• [Input data]:
━━━━

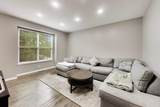 202 Willow Boulevard - Photo 4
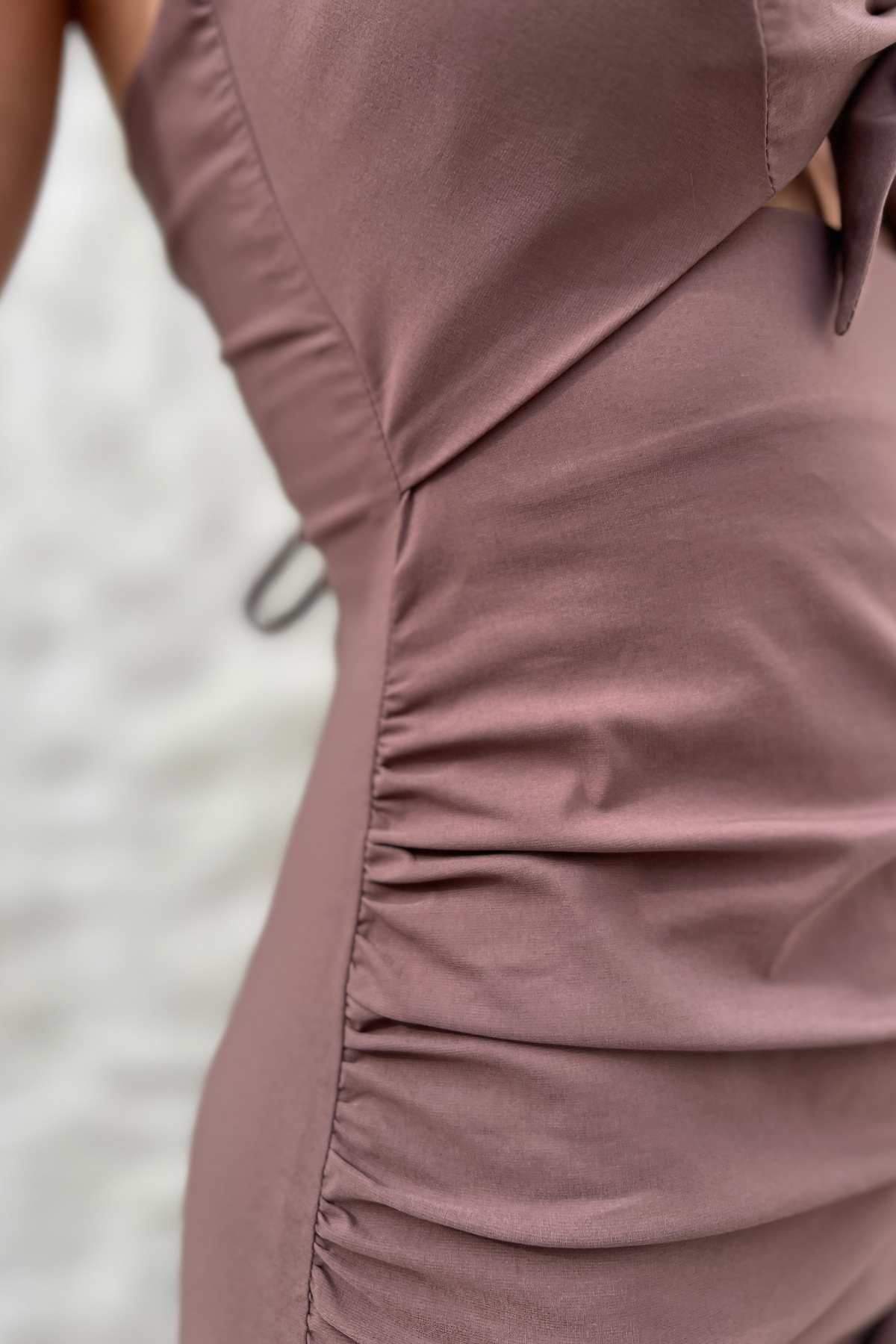 Vestido Midi em Poliamida Drapeado e Amarração no Busto Daniela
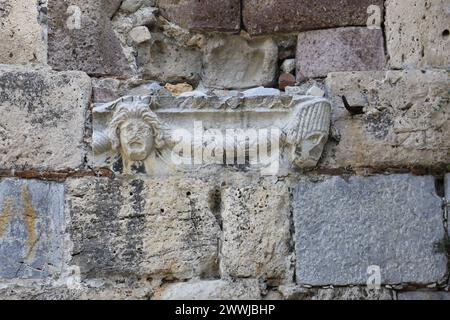 Masques grecs en préparation Château John dans la ville de Kos, Grèce Banque D'Images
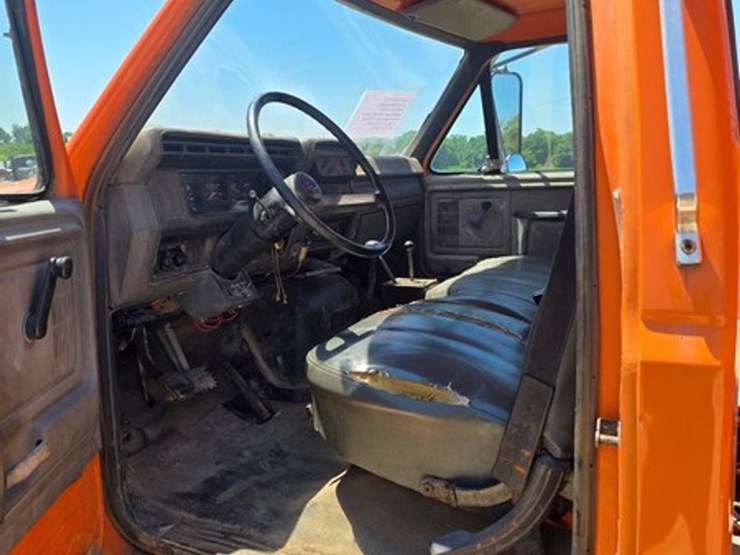 1991-ford-f700-image-15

━━━━

• [Your objective]: Please reproduce verbatim the lines from the line with "Vestido Midi em" through the final line of the listing, inclusive of both ends. Omit all pictures.

• [Task answer]:
 Vestido Midi em Poliamida Drapeado e Amarração no Busto Daniela
 Masques grecs en préparation Château John dans la ville de Kos, Grèce Banque D'Images
 1991-ford-f700-image-15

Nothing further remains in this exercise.